Of all the entries below, retype only the lines from the one with "轉輪除濕機為何會(huì )啟動(dòng)不正常？" through the one with "Постер: Điện Thoại Công Cộng", exactly as they appear.

***** Data shown

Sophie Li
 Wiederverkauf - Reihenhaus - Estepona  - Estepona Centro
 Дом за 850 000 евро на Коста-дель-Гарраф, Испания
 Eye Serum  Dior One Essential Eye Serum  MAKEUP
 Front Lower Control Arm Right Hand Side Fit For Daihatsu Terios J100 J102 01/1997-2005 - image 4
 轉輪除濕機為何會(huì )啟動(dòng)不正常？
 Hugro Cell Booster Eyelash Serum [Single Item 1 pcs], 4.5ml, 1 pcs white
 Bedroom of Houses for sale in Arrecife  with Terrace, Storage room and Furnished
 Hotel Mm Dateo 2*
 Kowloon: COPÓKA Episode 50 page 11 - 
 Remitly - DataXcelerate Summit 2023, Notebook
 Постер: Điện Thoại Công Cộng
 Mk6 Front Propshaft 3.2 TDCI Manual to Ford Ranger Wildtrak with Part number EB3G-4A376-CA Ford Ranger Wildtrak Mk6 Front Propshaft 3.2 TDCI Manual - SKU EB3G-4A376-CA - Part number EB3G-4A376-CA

**********

> Result of this task:
 轉輪除濕機為何會(huì )啟動(dòng)不正常？
 Hugro Cell Booster Eyelash Serum [Single Item 1 pcs], 4.5ml, 1 pcs white
 Bedroom of Houses for sale in Arrecife  with Terrace, Storage room and Furnished
 Hotel Mm Dateo 2*
 Kowloon: COPÓKA Episode 50 page 11 - 
 Remitly - DataXcelerate Summit 2023, Notebook
 Постер: Điện Thoại Công Cộng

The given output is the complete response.